Nos trabalhos de sala sentava com a menina negra que falava alto ou com o gordinho que sentava atrás de mim. Ele tinha uma caixa de lápis de 36 cores e eu na minha infinita ignorância nunca imaginei que existiriam mais de sete, até que ele retirou da mochila aqueles azuis de diferentes tonalidades e alguns verdes que eu não conseguia diferenciar. Aproveitei o meu aniversário e pedi um mega-hipe-super estojo de desenhar que passava nos comercias do intervalo da novela. Imenso. Com tintas que nunca seriam usadas, giz de cera que se quebrariam antes de serem gastos, cores que eu não sabia o nome, lápis de vários tamanhos e várias texturas. Meu pai achava bonito o filho querendo ser desenhista, mas ele entenderia minhas aflições se comprasse com mais freqüência presentes para agradar mamãe.

No meio do ano seu par de quadrilha foi o menino com apelido de desenho animado. Eu passei uma semana inteira melhorando e ensaiando meus passos na tentativa frustrada de conseguir algumas posições na fila dos casais. Mas a Dona Mirtes, já estava convencida que vocês seriam os noivos perfeitos. E na verdade foram. Minha mãe comprou uma blusa xadrez vermelha e branca e ficou brincando para eu tomar cuidado e não deitar no chão se não uma família inteira poderia fazer piquenique em mim. A moça que trabalhava lá em casa desenhou a barba e a cada traço riscado no meu rosto juvenil ela dizia como os homens ficavam melhores assim. Eu parti para nossa festa junina acreditando que era isso que faltava para você olhar para mim. 

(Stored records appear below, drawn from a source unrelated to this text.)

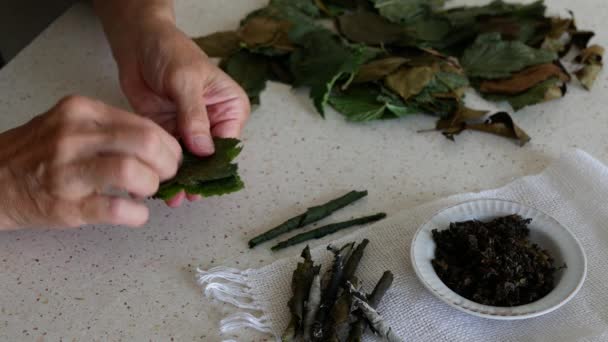 用含有维生素 抗氧化剂 精油和酶的干香草制作草药茶的过程 女人在翻滚着醋栗和樱桃叶 准备用来做草药饮料 用花园做的茶 — 图库视频影像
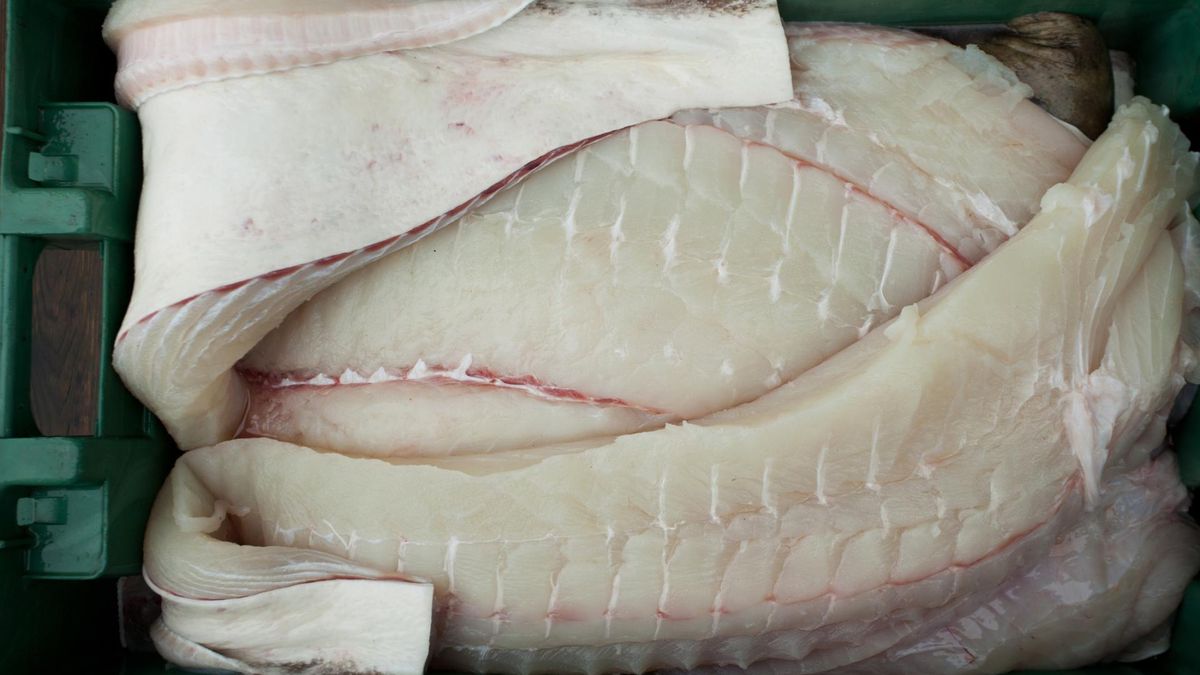 Halibut chroni przed rakiem okrężnicy i miażdżycą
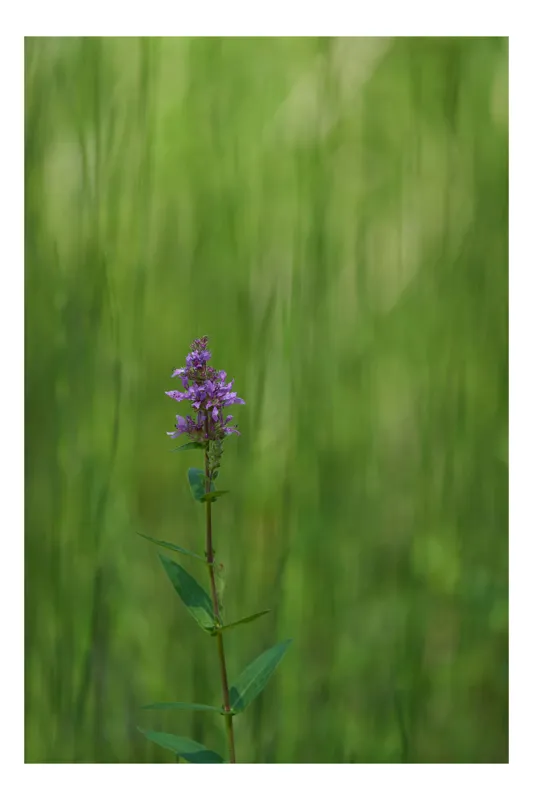 Tablou Canvas, "Floare solitară în pădurea deasă", Floare, Verde, Natură, Solitar, Blândețe, Calm, Sfumare, Delicatețe, Liniște, 26 x 39 cm
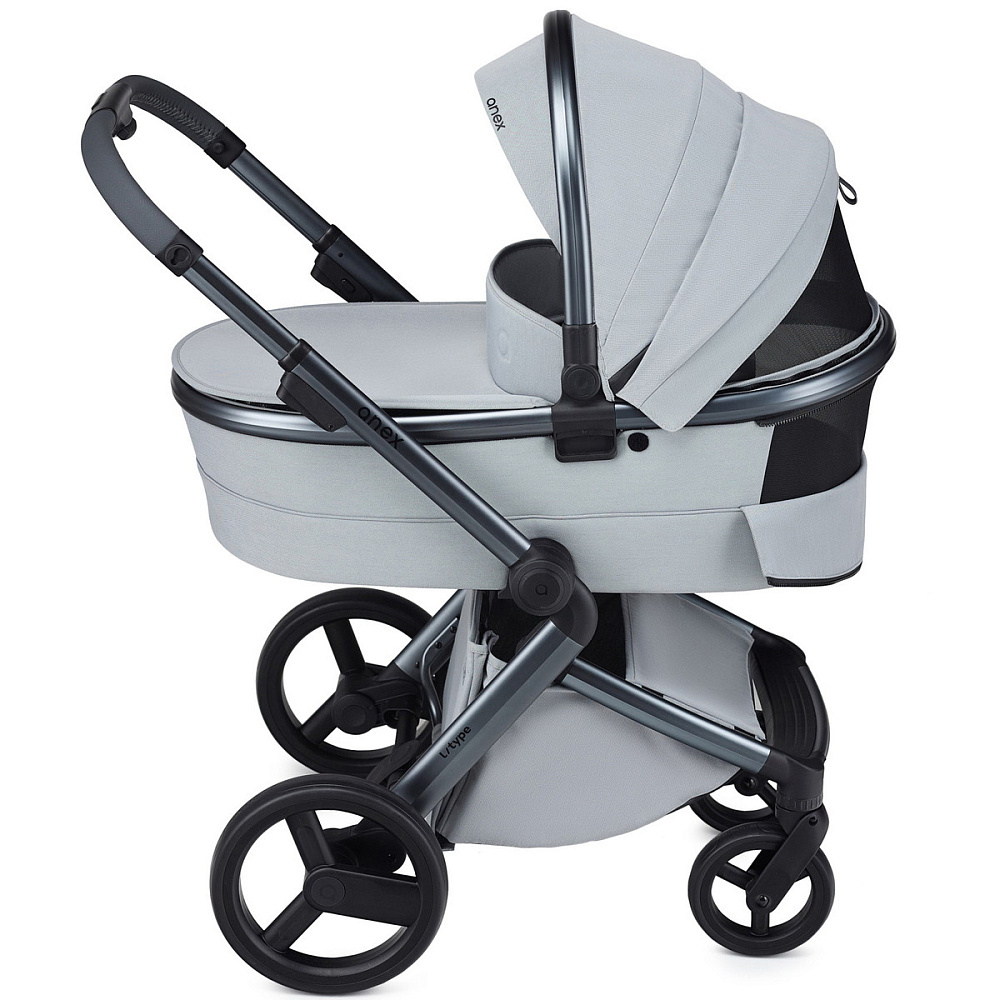 Детская коляска Anex l/type 2 в 1 с аксессуарами frost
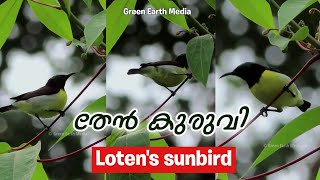 Loten's sunbird | Kerala India 🇮🇳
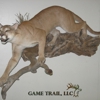 Game Trail Taxidermy gallery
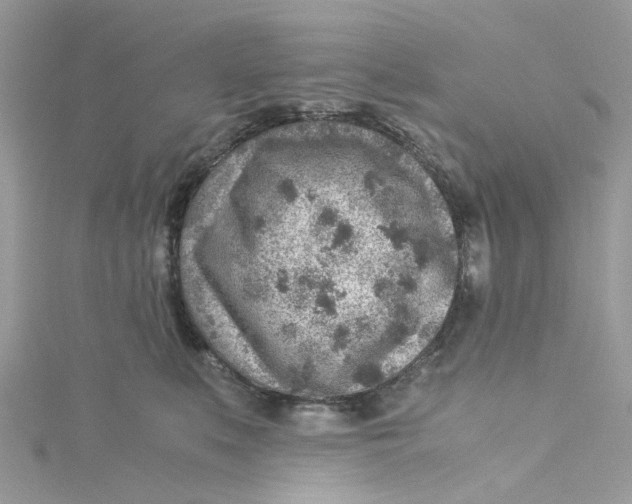 X0000115150519200911171243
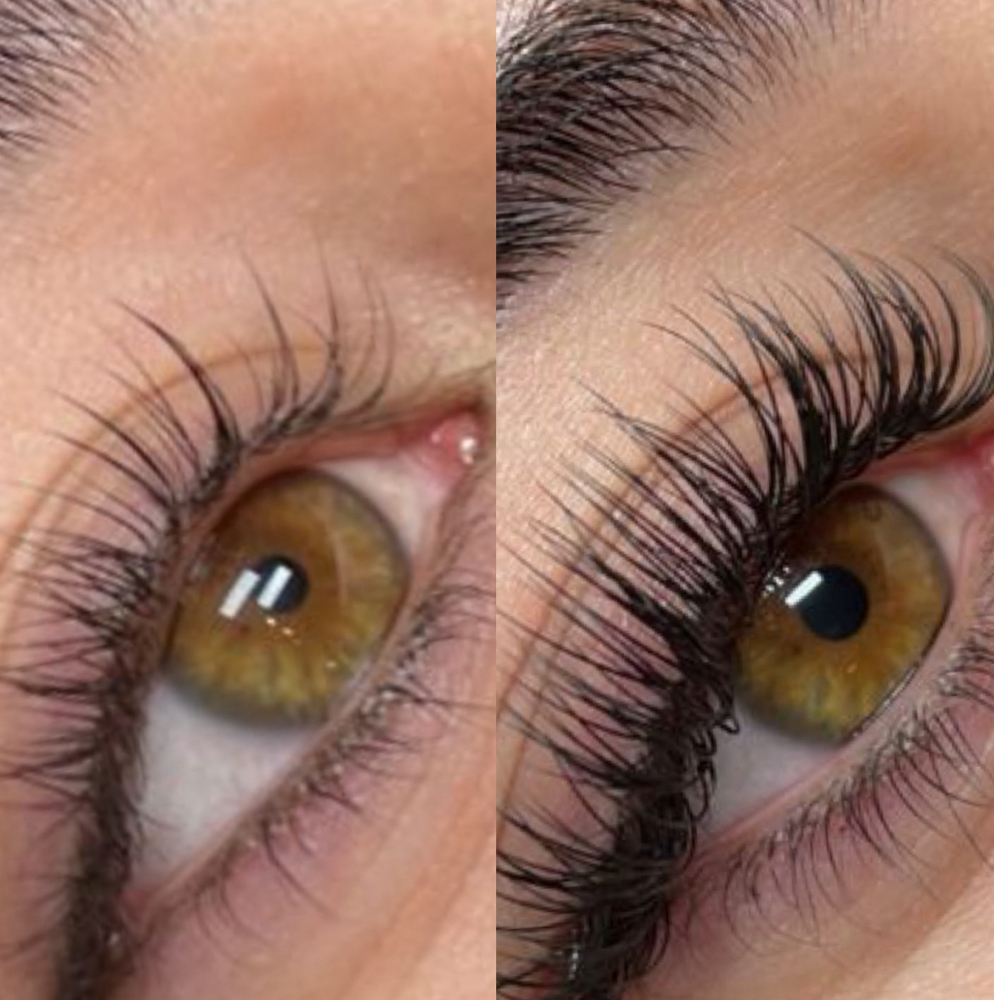 Regular Classic Fill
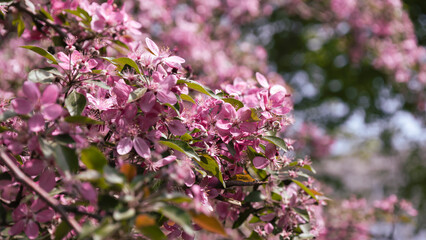 Blooming apple tree in the spring garden. Close up of pink flowers on a tree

Teve uma hora na troca dos pares que nossos braços quase se cruzaram, mas gritaram algo e todos tiveram que retornar. Maldita dança. Perdi o concurso de rei e rainha da pipoca por miseráveis dois votos. Cada voto custava 10 centavos, e foi a primeira coisa que tentei vender na vida. Vendi para as amigas da minha mãe do terço, para o grupo de caminhada da terceira idade da minha avó, para todos do turno vespertino, para os meninos da faculdade que pegavam carona com meu irmão mais velho e até eu comprei 10 por dia com meu dinheiro do lanche. Eu só soube o valor de 20 centavos quando eles me distanciaram de você. Os ganhadores desfilariam com os noivos e eu quis tanto ser seu rei. Seu rei naquela noite era o menino loiro de olhos azuis que não batalhou nada para estar ali. Vendeu todos os bilhetes para um só comprador. Fui embora com a barba borrada, sem título, sem você.

Em outubro, no nosso último dia das crianças - digo último porque a partir da quinta série a única participação dos alunos nessa festa era espiando pela janela do galpão - você convidou dois meninos de outra sala pra jogar o seu "detetive" com você. Eu era ótimo nesse jogo e queria te avisar que o assassino era o Celular Mostarda, mas eu não tinha coragem de falar com você e não sabia que Cel. significava coronel. Sai pra jogar meu “cara a cara” e deixei você lá. Rapidamente se enjoaria deles, como enjoou de todos os outros.

Já na véspera da formatura, precisávamos preparar a celebração. Nossa altura fez por mim o que nem sucos de melancias foram capazes de fazer. Dona Mirtes dessa vez me colocou do seu lado para entrar e por uma semana ensaiamos de mãos dadas e trocamos mais palavras do que um ano inteiro. Olhando de longe nem imaginávamos o que só comprovamos de perto: éramos tão parecidos. No dia da formatura nosso sorriso seria tão grandioso que familiares de outros formandos estarrecidos nos fotografariam sem entender como dois jovens poderiam sorrir tanto apenas por irem para a quinta série. Eu sorriria por você. Só isso. Eu tentava não me iludir, porque na próxima data festiva você já escolheria um novo par, porque um espirro nos separava das férias de dezembro, porque nós não sabíamos aonde você estaria.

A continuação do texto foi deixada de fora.